*WHAT YOU SHOULD DO:* Reproduce exactly, leaving out pictures, each line from the one holding "川辺を歩く藍手拭いの黒白猫" through the final line of the listing, and add nothing.

......

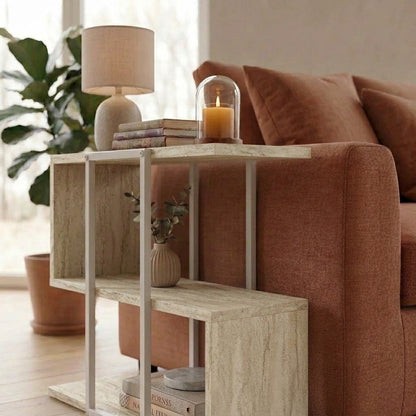 Grelle 56 cm Two-Tier Side Table with Metal Frame — Travertine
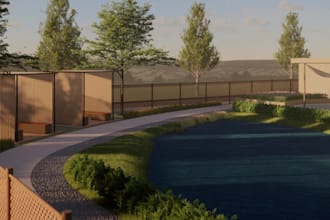 3d model design recreational area, urban park, public space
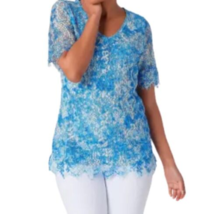 Isaac Mizrahi Tie-Dye Printed Lace Top- Blue, Small - £19.98 GBP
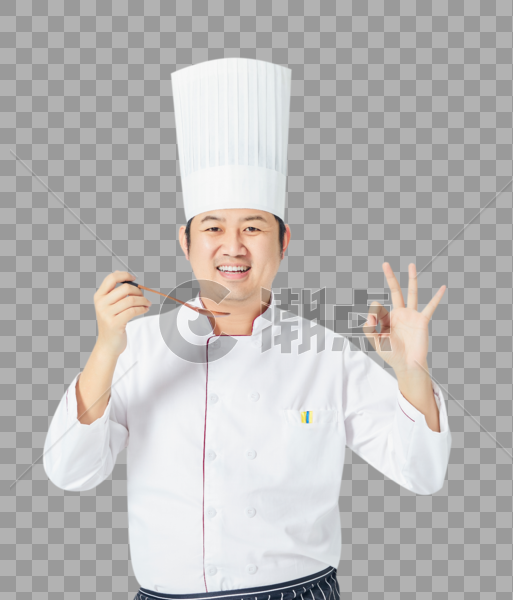 男厨师喝汤图片素材免费下载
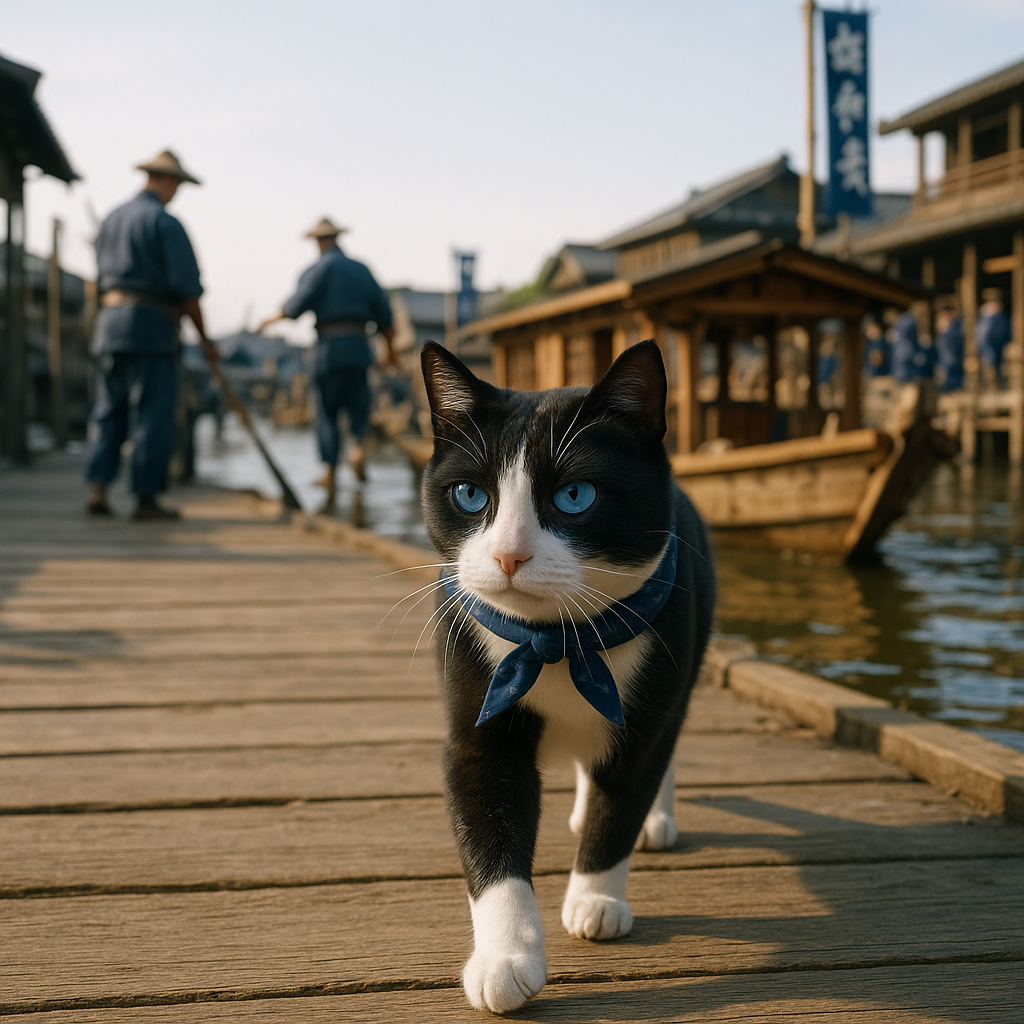 川辺を歩く藍手拭いの黒白猫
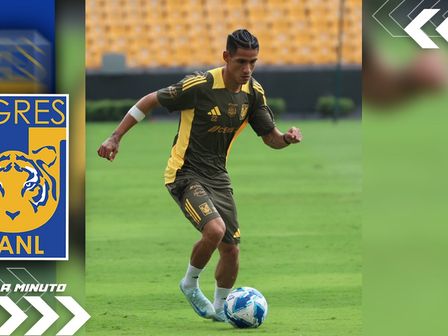 Uriel Antuna durante entrenamiento de Tigres previo a la jornada 6 / @TigresOficial
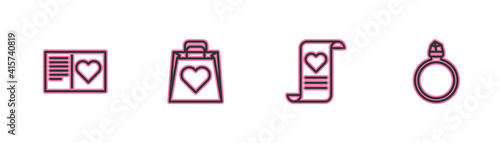 Set line Valentines day flyer with heart, Envelope, Shopping bag and Diamond engagement ring icon. Vector.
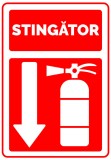 Semn pentru stingator in jos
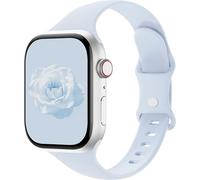 Sycamond Thin Silicone Band Compatible with Apple Watch 41mm 40mm 38mm, Slim Narrow Replacement Sport Strap Wristband for iWatch Series SE 10 9 8 7 6 5 4 3 Ultra 2 1 Women Men, S/M Light Blue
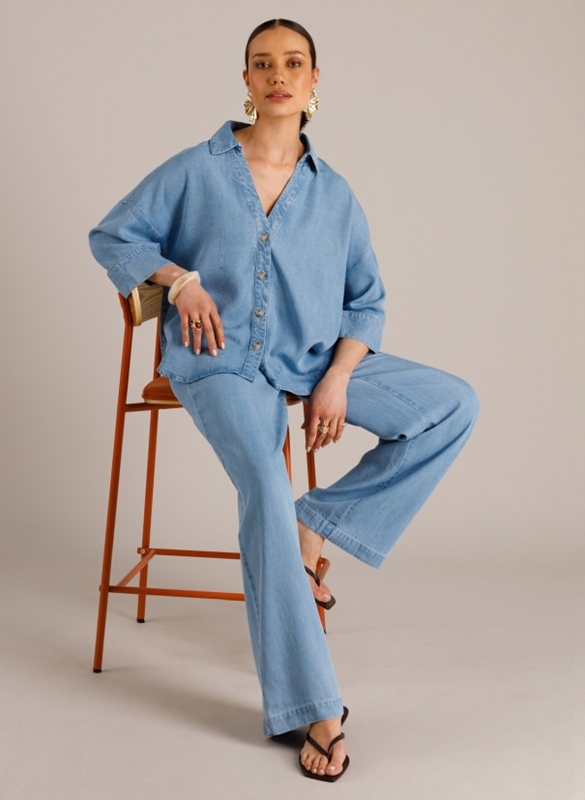 Jeansbluse oversized Nora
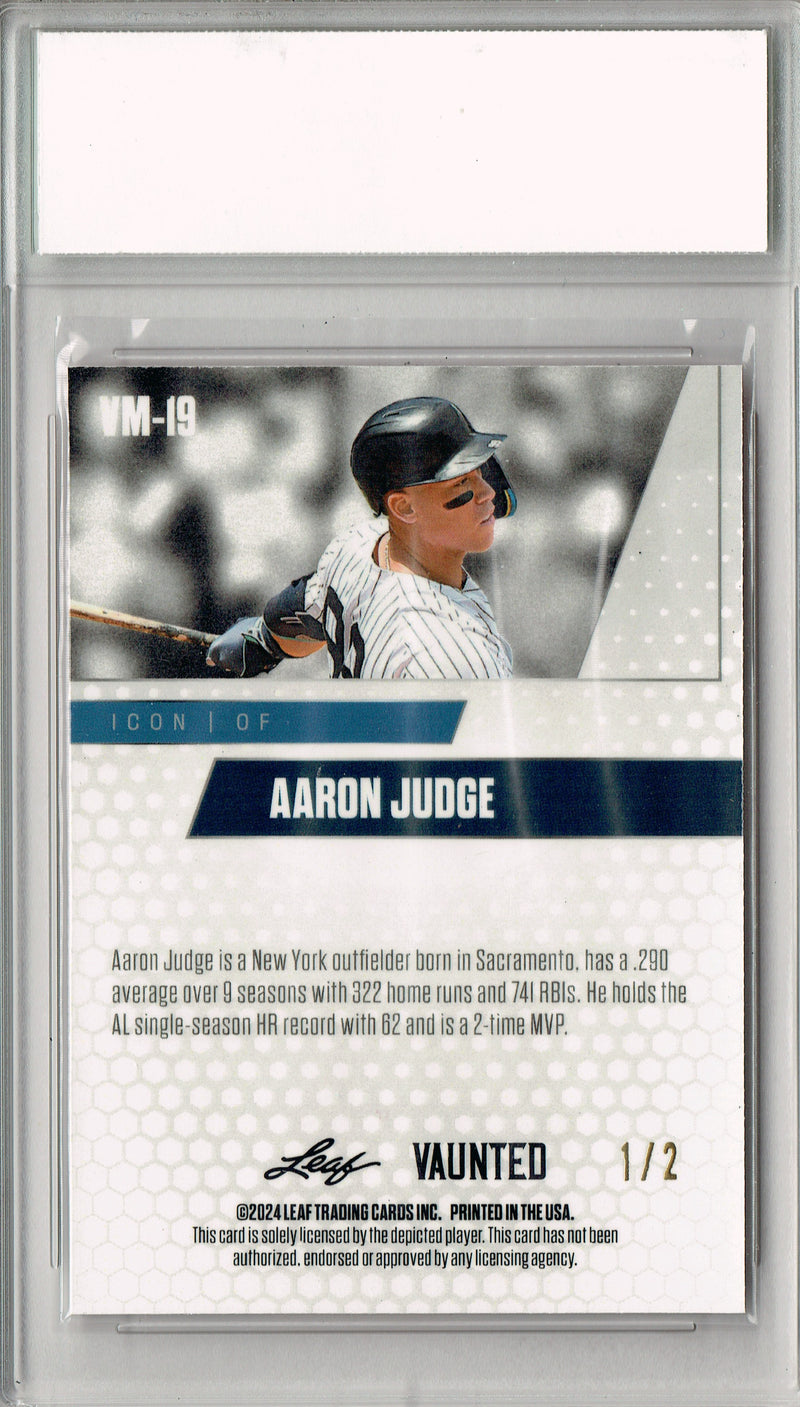 Aaron Judge 2024 Leaf Vaunted Metal #VM-19 Red #1 of 2 Made Rare Card PGI 10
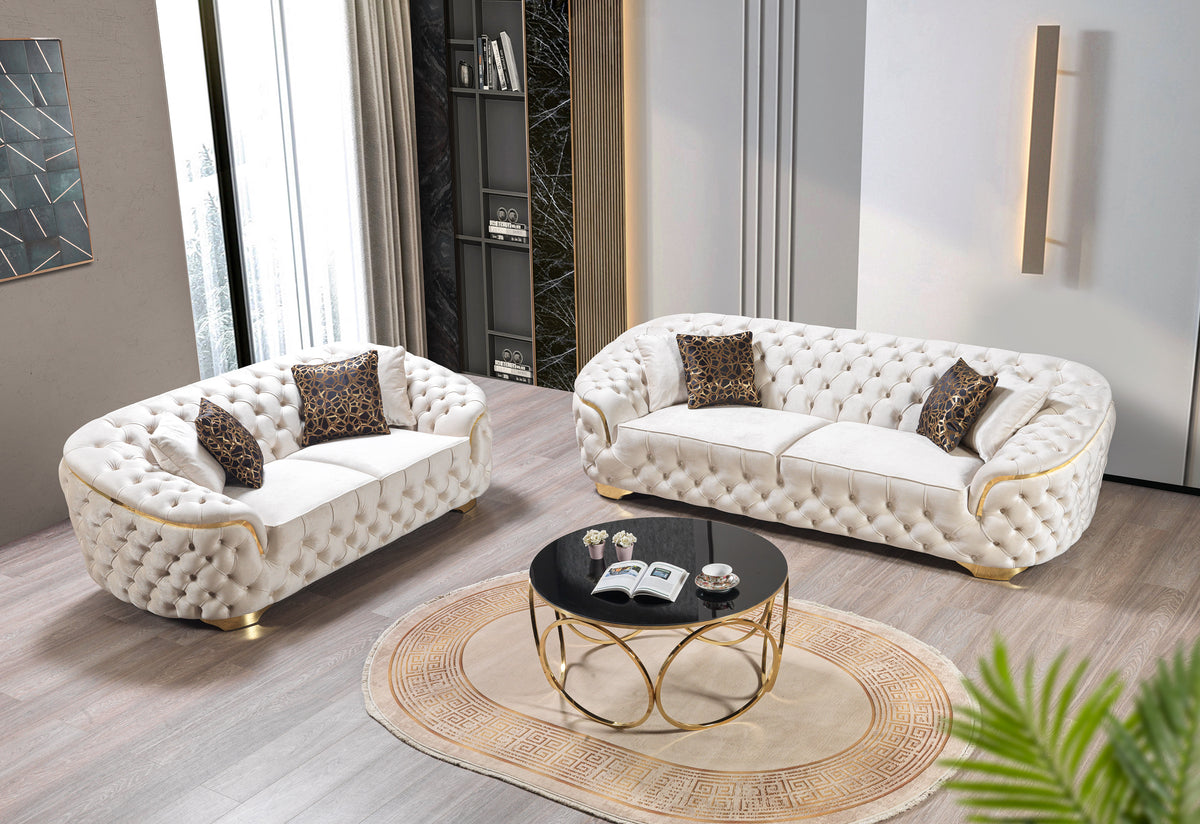 Lupino Ivory Velvet Living Room Set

......

*PROBLEM SOLUTION:*
 川辺を歩く藍手拭いの黒白猫
 Uriel Antuna durante entrenamiento de Tigres previo a la jornada 6 / @TigresOficial
 Set line Valentines day flyer with heart, Envelope, Shopping bag and Diamond engagement ring icon. Vector.
 Semn pentru stingator in jos
 Sycamond Thin Silicone Band Compatible with Apple Watch 41mm 40mm 38mm, Slim Narrow Replacement Sport Strap Wristband for iWatch Series SE 10 9 8 7 6 5 4 3 Ultra 2 1 Women Men, S/M Light Blue
 Jeansbluse oversized Nora
 Aaron Judge 2024 Leaf Vaunted Metal #VM-19 Red #1 of 2 Made Rare Card PGI 10
 Lupino Ivory Velvet Living Room Set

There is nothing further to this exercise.